Hits: 14
Claudita Piesesta Tarigan
“Tidak bisakah kau lebih baik?”
***
“Selamat pagi semuanya, selama satu semester ke depan, saya lah yang akan mengampu anda dalam mata kuliah Bahasa Indonesia, jadi saya mohon kerja samanya agar pertemuan-pertemuan selanjutnya dapat berjalan dengan lancar,” ucap seorang wanita yang sedang berdiri di depan kelas sembari memperkenalkan diri.
Dari luar terdengar suara langkah kaki yang dengan cepat mendekati kelas.
“Maaf saya terlambat, apa saya masih diperkenankan masuk, Bu?” Seorang pemuda berdiri sambil terengah-engah di depan pintu kelas karena harus berlari dari tempat parkir menuju kelas yang berada di lantai 4 saat itu.
“Baru pertemuan pertama saja kamu sudah terlambat, bagaimana ke depannya nanti? Yasudah, saya beri ampun karena ini adalah pertemuan pertama, silakan masuk.”
“Terima kasih bu, permisi.”
Pemuda itu mengambil kursi di bagian belakang melewati teman-teman sekelasnya yang sudah mengeluarkan buku catatan. Di sebelahnya, seorang pemuda tampak bersembunyi di belakang mahasiswa lain sambil memakan camilan.
“Hari pertama saja kau sudah telat, Do.” Ucapnya sambil menawarkan jajanan kepada temannya yang baru saja datang.
“Orang yang hadir di kelas hanya pada waktu ujian saja tidak pantas menasehatiku.”
“Sekarang tidak tuh.”
Lalu, seluruh kelas mulai hening dan teliti mendengarkan materi yang disampaikan dari mata kuliah nasional pada pagi hari tersebut.
“Karena waktu sudah hampir selesai, pertemuan hari ini kita akhiri sampai sini saja. Namun, saya akan memberikan tugas yaitu setiap individu harus menulis tulisannya masing-masing tentang hidupnya. Tidak perlu terlalu mendalam ataupun panjang dan akan dibacakan minggu depan di depan kelas. Terima kasih dan selamat siang.”
Serentak seluruh mahasiswa disana menjawab sambil merapikan peralatan mereka “Selamat siang, terima kasih Bu.”
***
“Kenapa tugasnya harus buat cerita hidup, seperti tugas anak kecil saja. Aku butuh tugas yang lebih susah seperti buat jurnal atau minimal makalah.”

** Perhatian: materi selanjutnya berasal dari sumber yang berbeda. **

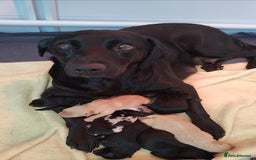 Labradoodle dogs for sale: F1 labradoodles ready 18th december - Image 2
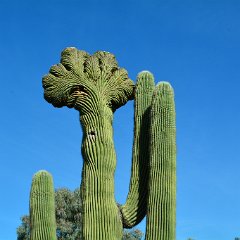 DSC 9365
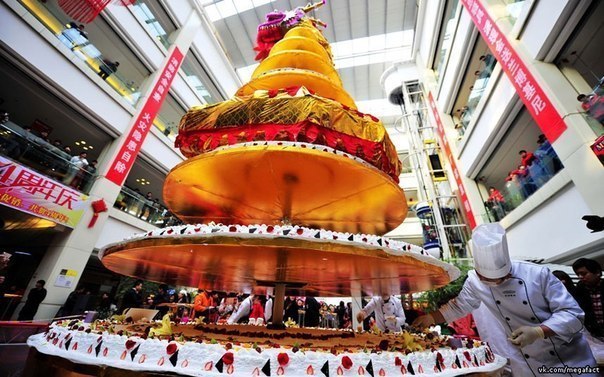 Самый большой торт был сделан в городе Luoyang, провинции Хэнань, Китай. На создание торта высотой 8 метров, состоящего из восьми слоев, ушло 500 кг яиц, 260 кг муки, 200 кг сливок, 100 кг фруктов и 80 кг шоколада. Конечный продукт весил приблизительно 2 тонны.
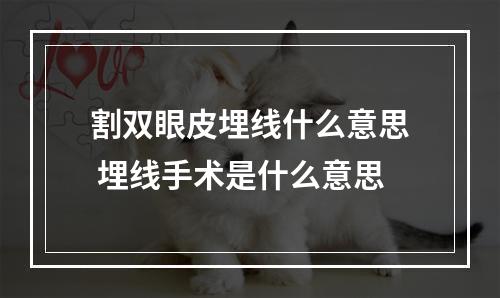 割双眼皮埋线什么意思 埋线手术是什么意思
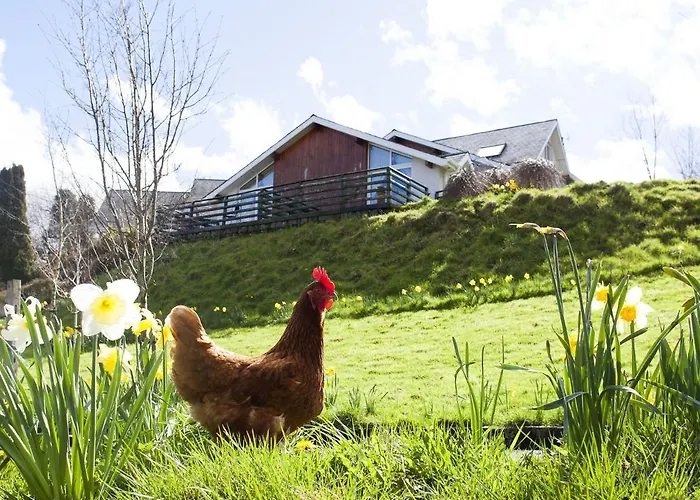 לינה וארוחת בוקר Way וויקלו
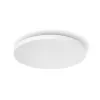 Philips Hue White and colour ambience Datura plafondlamp groot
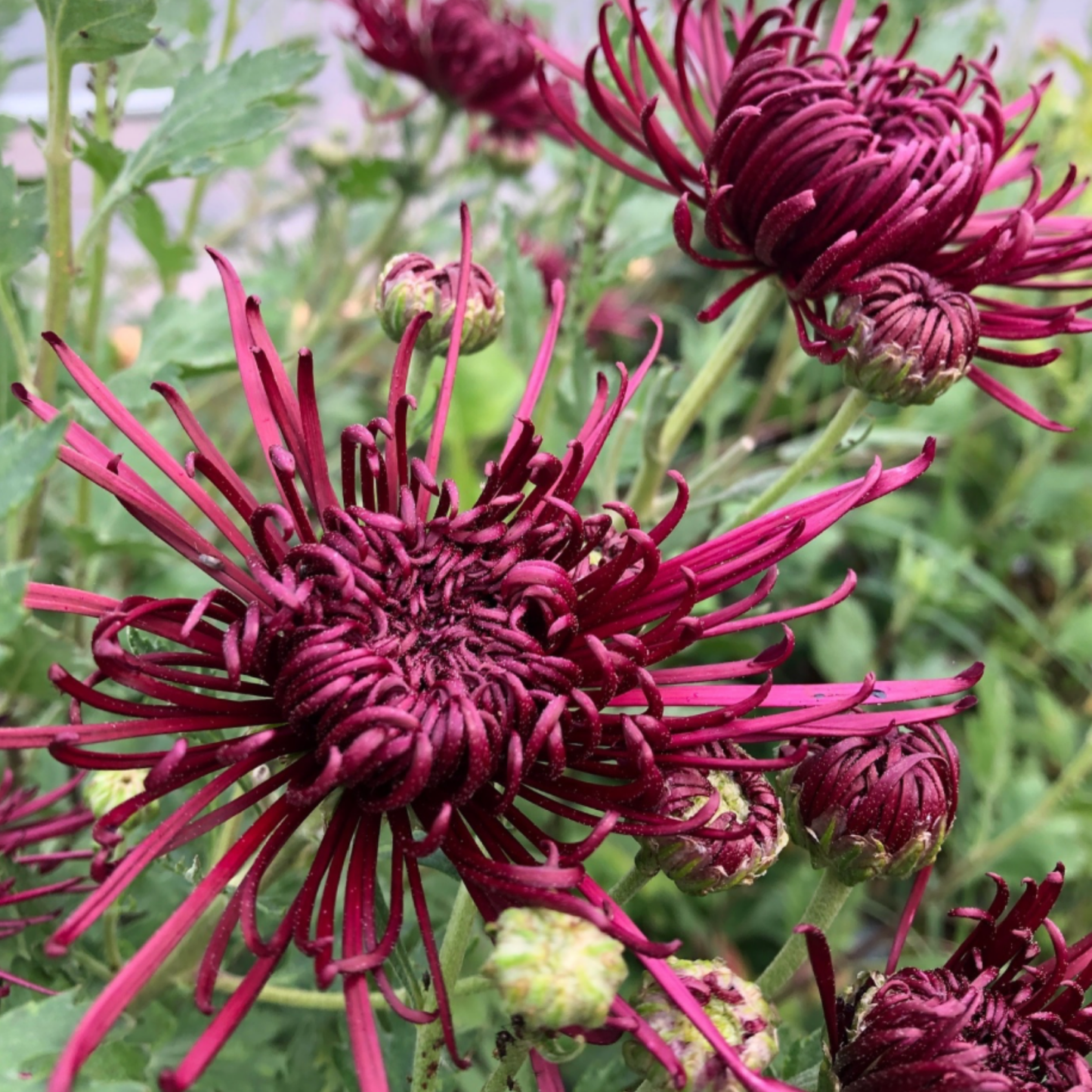 Oriental Knight Heirloom Chrysanthemum (Available 2028)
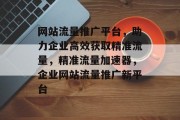 网站流量推广平台，助力企业高效获取精准流量，精准流量加速器，企业网站流量推广新平台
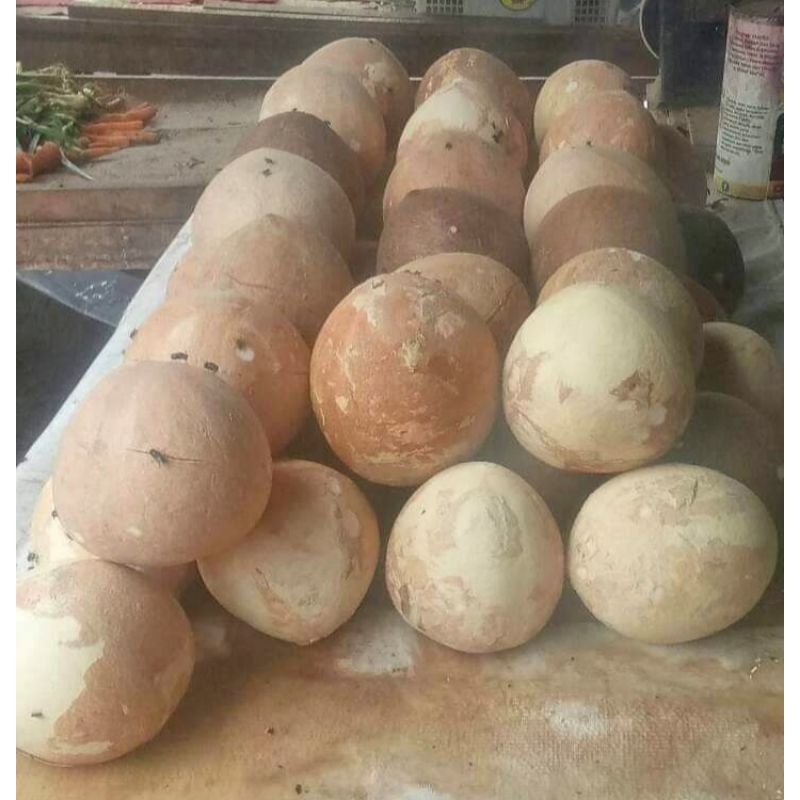 

KELAPATUASANTEN,1buah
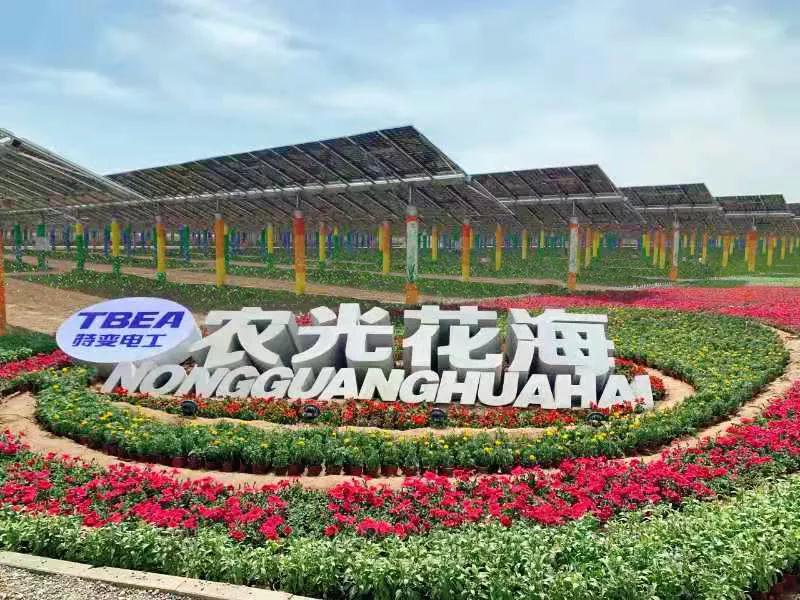 光伏+科技农业，助力乡村振兴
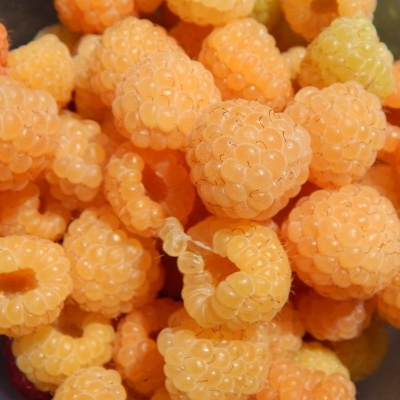 Framboesas amarelas frescas numa caixa transparente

“Terakhir kali tugas makalah presentasi saja kau tidak hadir dengan alasan sakit perut.”
“Kalau itu memang sakit perut, Do. Lagian sepertinya tugas ini memang sangat cocok untukmu.”
“Kenapa?”
“Di kertas itu nanti kau bisa bercerita sekaligus kau bisa pamer sedikit jika kau itu anak tunggal, orang tua mu punya pekerjaan tinggi.”
“Tentang itu bukankah tidak baik jika terlalu disombongkan?”
“Bukan sombong tetapi hanya mencoba memberitahu.”
***
Sesampainya di rumah, dia langsung membuka laptopnya dan mulai mencoba menulis apapun yang sudah terpikirkannya. “Aku Aldo, umur 20.” Dia berubah pikiran dan mulai menghapus dan mengganti kata-kata yang diketiknya. “Halo, namaku Aldo.” Dia berubah pikiran dan menggantinya lagi, dia tidak mengira mencari kata-kata yang tepat untuk menceritakan hidupnya akan sesusah ini.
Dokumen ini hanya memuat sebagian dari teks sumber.